Business 2.0 The 50 People that matter now.
- YOU – Why You Matter: They’ve long said the customer is always right. But they never really meant it. Now they have no choice. You — or rather, the collaborative intelligence of tens of millions of people, the networked you — continually create and filter new forms of content, anointing the useful, the relevant, and the amusing and rejecting the rest. You do it on websites like Amazon, Flickr, and YouTube, via podcasts and SMS polling, and on millions of self-published blogs. In every case, you’ve become an integral part of the action as a member of the aggregated, interactive, self-organizing, auto-entertaining audience. But the You Revolution goes well beyond user-generated content. Companies as diverse as Delta Air Lines and T-Mobile are turning to you to create their ad slogans. Procter & Gamble and Lego are incorporating your ideas into new products. You constructed open-source and are its customer and its caretaker. None of this should be a surprise, since it was you — your crazy passions and hobbies and obsessions — that built out the Web in the first place. And somewhere out there, you’re building Web 3.0. We don’t yet know what that is, but one thing’s for sure: It will matter.

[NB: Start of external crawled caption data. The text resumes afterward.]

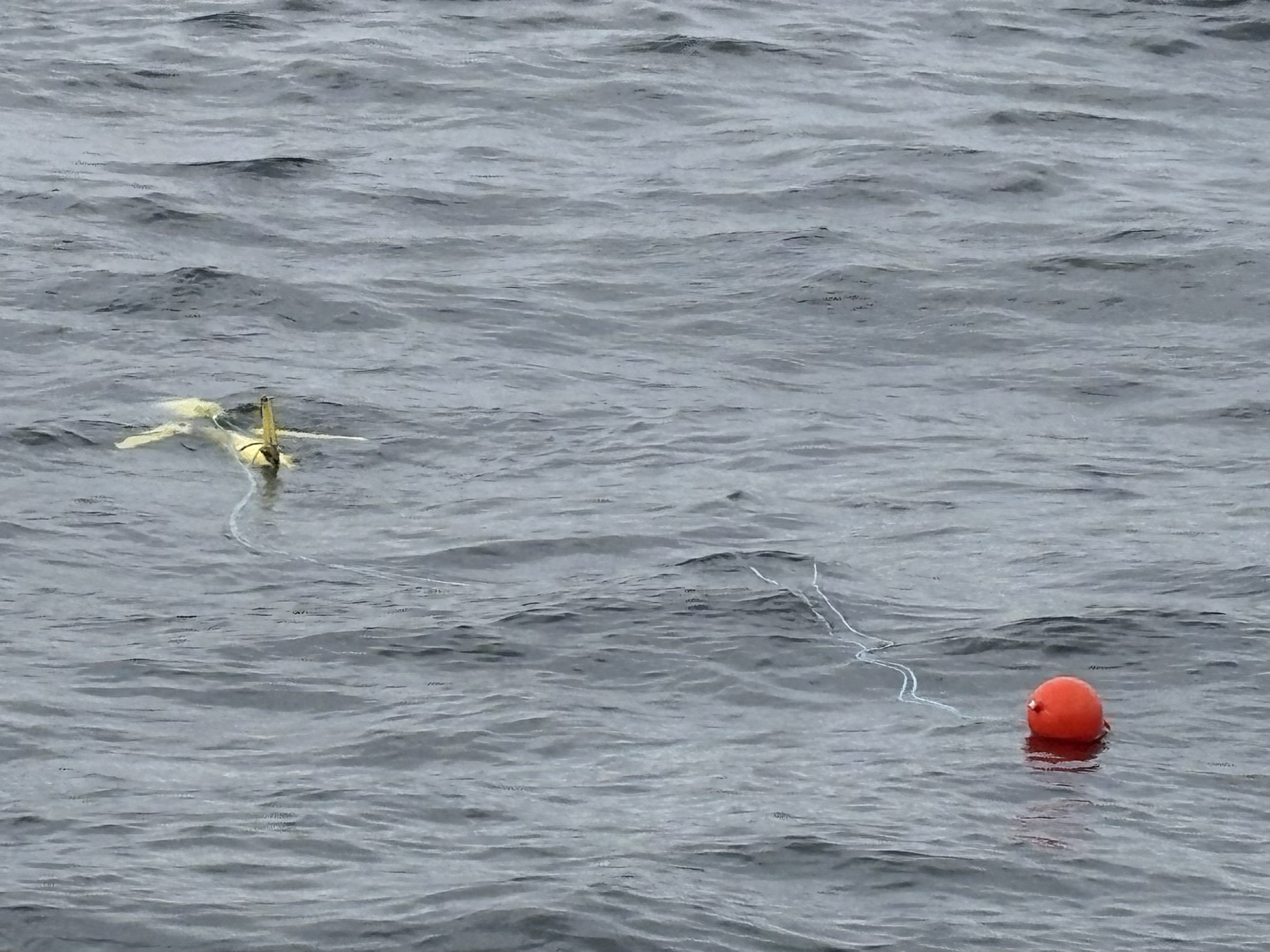 A glider deployment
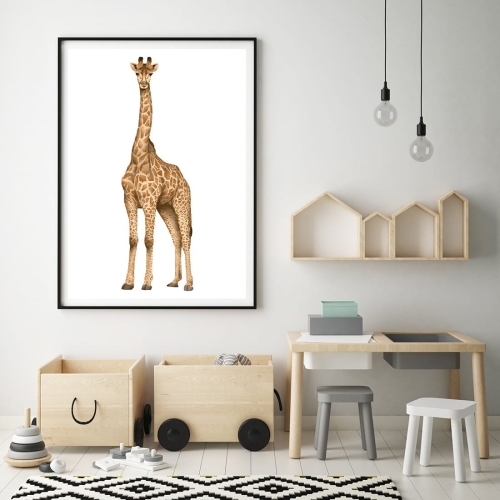 Plakat dla dzieci safari żyrafa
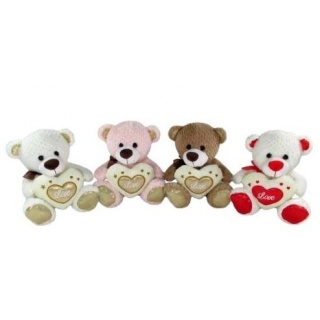 MIŚ Z SERCEM 20CM, Maskotki, Zabawki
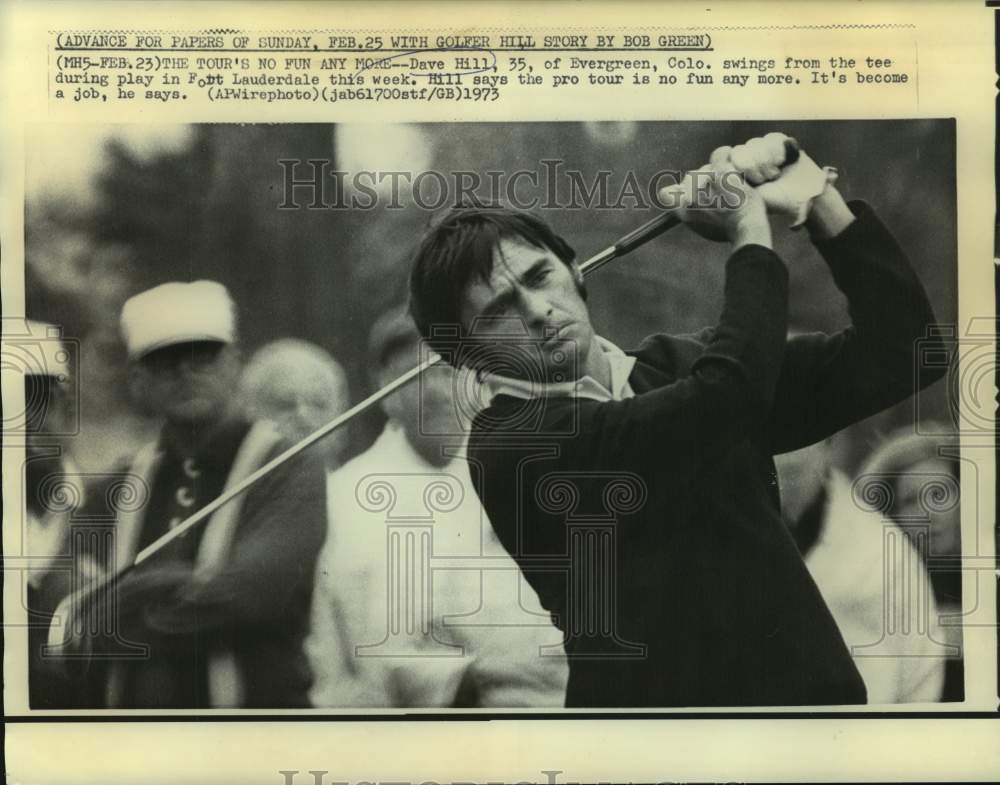 1973 Press Photo PGA Tour golfer Dave Hill - nos15381- Historic Images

- Sergey & Larry (Google Founders) Why They Matter: Success hasn’t really changed the Google guys all that much: They’re still Stanford computer geeks to the core. That’s why the company has become a magnet for like-minded geniuses — witness the Silicon Valley billboards with brain-teasing number puzzles that turn out to be Google recruitment ads. It’s also why their PageRank algorithm remains the best mousetrap in search, why their groundbreaking pay-per-click advertising model brought in a stunning $6 billion in revenue last year, why Google’s market cap hovers comfortably above $100 billion, and why their ongoing project to organize all of the world’s information is taken seriously. What Page’s famous list of his 100 most interesting projects lacked in focus, it more than made up for in ambition. The same is true of Brin’s long-term strategy — organizing all that information into a database that will act as a kind of global brain for all human knowledge. Technically, the pair run the world’s top technology company as a triumvirate with CEO (and resident adult) Eric Schmidt. But what the geeks want, they usually get. After all, there are plenty of CEO types who could replace Schmidt. But who on earth could possibly replace Sergey and Larry?
Lets start a 50 People that matter to The Web/Business2.0 in South Africa list. Mark Shuttleworth has to feature somewhere on the South AFrican list. Anyone have any ideas?